*** Opening GIVEN RECORDS ***

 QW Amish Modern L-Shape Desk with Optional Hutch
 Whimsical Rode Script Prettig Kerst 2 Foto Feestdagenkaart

*** Closing GIVEN RECORDS ***
*** Opening GIVEN RECORDS ***

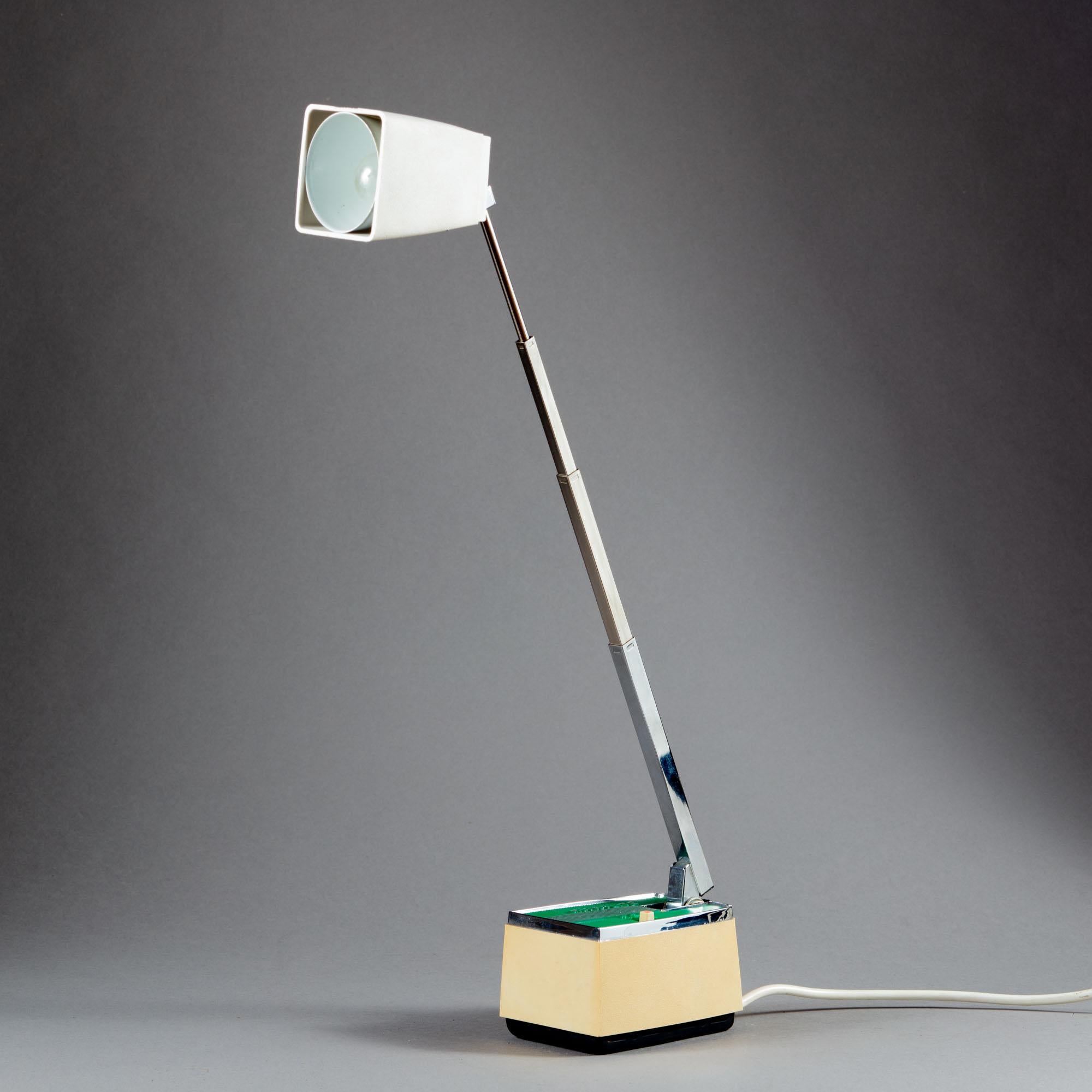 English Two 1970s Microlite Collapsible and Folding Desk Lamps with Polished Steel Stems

*** Closing GIVEN RECORDS ***

PROMPT:
From the data above, output exactly the lines between the one containing "QW Amish Modern" and the one containing "Whimsical Rode Script", counting both of them.

YOUR RESPONSE:
 QW Amish Modern L-Shape Desk with Optional Hutch
 Whimsical Rode Script Prettig Kerst 2 Foto Feestdagenkaart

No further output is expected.